--- RECORDED DATA ---
┄┄┄┄┄┄┄┄┄┄
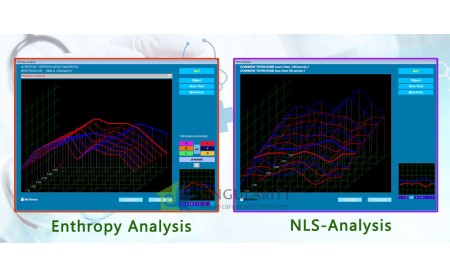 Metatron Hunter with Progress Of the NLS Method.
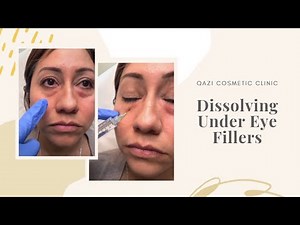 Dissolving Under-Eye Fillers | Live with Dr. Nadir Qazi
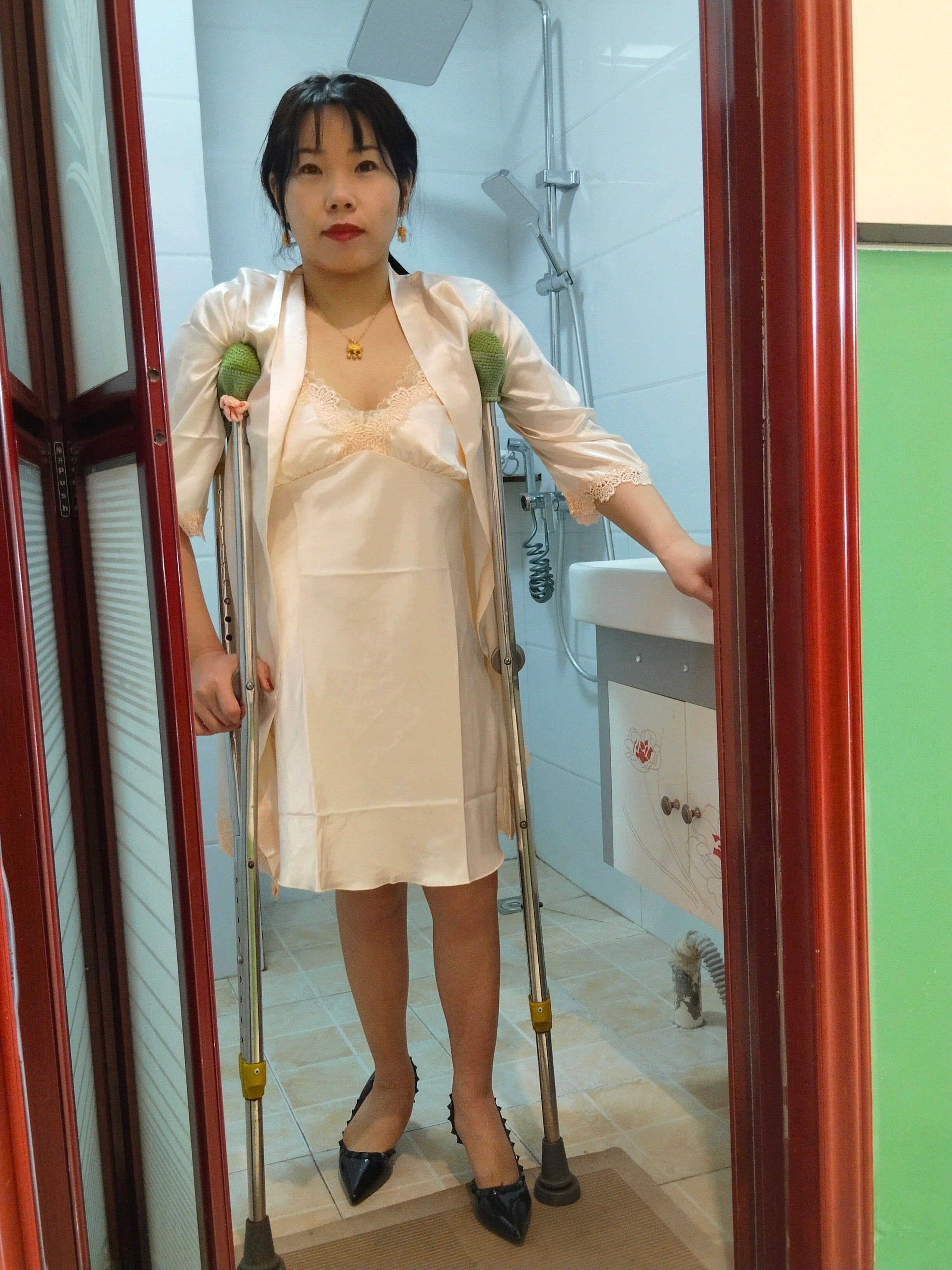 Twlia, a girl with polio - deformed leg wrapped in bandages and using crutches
┄┄┄┄┄┄┄┄┄┄
--- PROBLEM DETAILS ---
Copy every line of the data exactly as written, excluding the pictures.

--- SOLVED PROBLEM ---
 Metatron Hunter with Progress Of the NLS Method.
 Dissolving Under-Eye Fillers | Live with Dr. Nadir Qazi
 Twlia, a girl with polio - deformed leg wrapped in bandages and using crutches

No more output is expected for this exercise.